[Your objective]: Using the data that follows, return exactly the lines from the one that contains "Kravet Fabric Desire-606" through the one that contains "Help, please. My", ends included.

[Supplied data]:
-*-
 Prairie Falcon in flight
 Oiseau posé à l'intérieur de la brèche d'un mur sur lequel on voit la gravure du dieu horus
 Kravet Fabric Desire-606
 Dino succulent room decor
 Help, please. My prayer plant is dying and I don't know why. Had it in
-*-
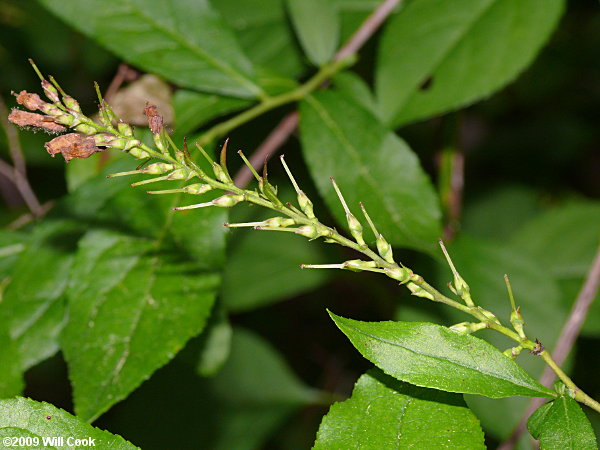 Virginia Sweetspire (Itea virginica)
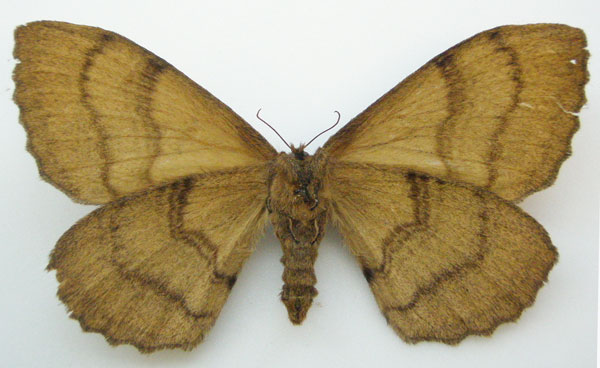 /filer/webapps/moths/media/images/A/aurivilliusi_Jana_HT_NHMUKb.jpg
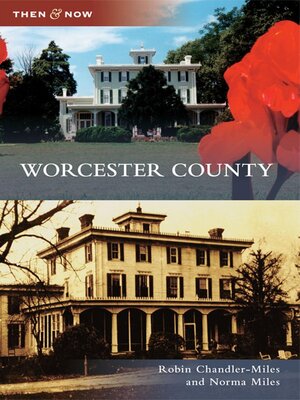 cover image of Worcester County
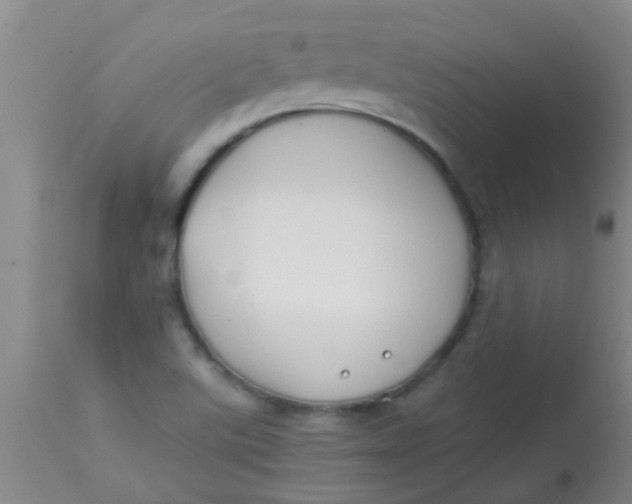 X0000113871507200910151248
-*-
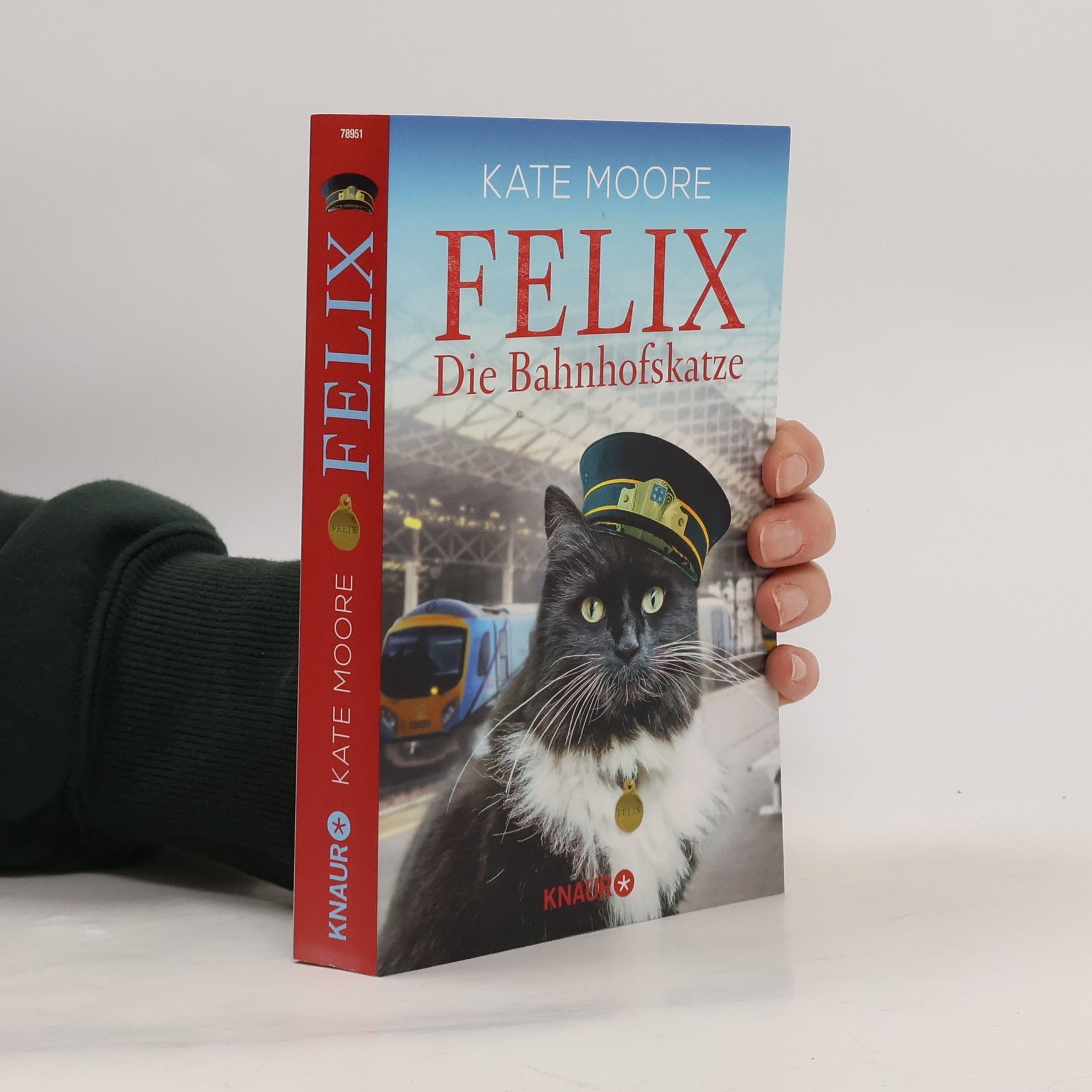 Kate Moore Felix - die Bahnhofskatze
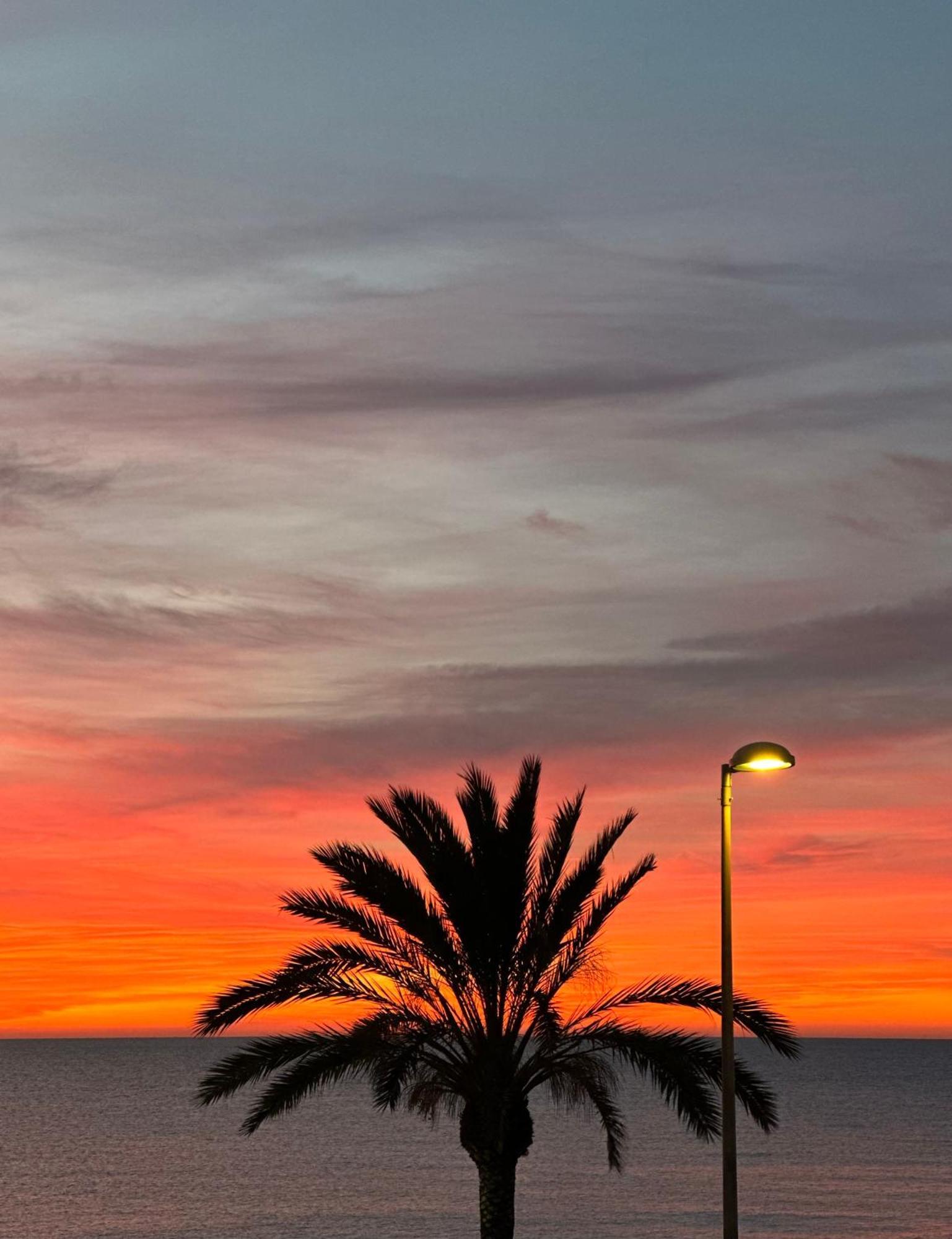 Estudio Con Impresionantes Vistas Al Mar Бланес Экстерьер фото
-*-
[Exercise output]:
 Kravet Fabric Desire-606
 Dino succulent room decor
 Help, please. My prayer plant is dying and I don't know why. Had it in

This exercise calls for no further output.